China Partly Lifts Veil on GDP Data

China’s National Bureau of Statistics is starting to release its economic data on a comparative quarter-by-quarter basis, which is the method most countries have long employed. This gives a more accurate assessment of economic trends. Judging by this the new quarter-by-quarter analysis, China’s recently released first quarter growth rates may be less dramatic than it seems. From the Wall Street Journal:

The headline figure when China on Friday reported its economic data for the first quarter of this year was the 9.7% growth rate in gross domestic product. That figure, as with all of China’s quarterly numbers in the past, compared output in the report period with output in the same three months of last year.

But the on Friday also published, for the first time, data on how economic output compared with the previous quarter. This quarter-on-quarter number, which is adjusted to account for seasonal differences and multiplied to give an “annualized” rate, is how the U.S. and most other major economies report their quarterly GDP data. By this measure, the statistics bureau said, GDP in the first quarter grew 2.1%, or 8.4% on an annualized basis—significantly slower than the year-on-year figure—suggesting the current momentum of the world’s second-largest economy is markedly slower than the year-on-year figure indicates.
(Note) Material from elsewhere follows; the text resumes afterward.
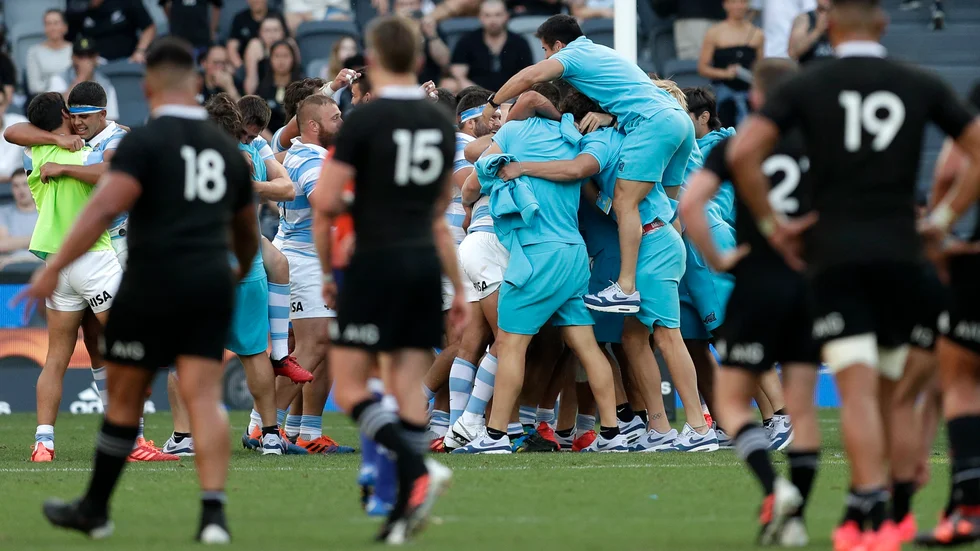 Argentinas spelare jublar efter den oväntade segern mot Nya Zeeland i Parramatta utanför Sydney i Australien på lördagen.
However, these new figures are not accompanied by historical data, which may still make them less effective than they could be. From Wall Street Journal:

Economists who watch China generally agree that the issuance of quarter-on-quarter data represents progress. But the progress is limited, because the statistics bureau failed to publish any historical data for the quarterly measure—which is important for understanding where the current number fits into past trends. Arthur Kroeber, managing director of Beijing-based research firm Dragonomics, said “the revisions aim to create a series that has a closer relation to reality, but the failure of the NBS to produce comparable historical data, or to clearly explain their methodology, detract from progress that is made.”

The statistics bureau didn’t explain the lack of historical data. Analysts said the omission likely arose at least partly because historical data would reveal a much sharper slowdown in the economy during the recent global recession than the government has ever acknowledged—particularly in the fourth quarter of 2008.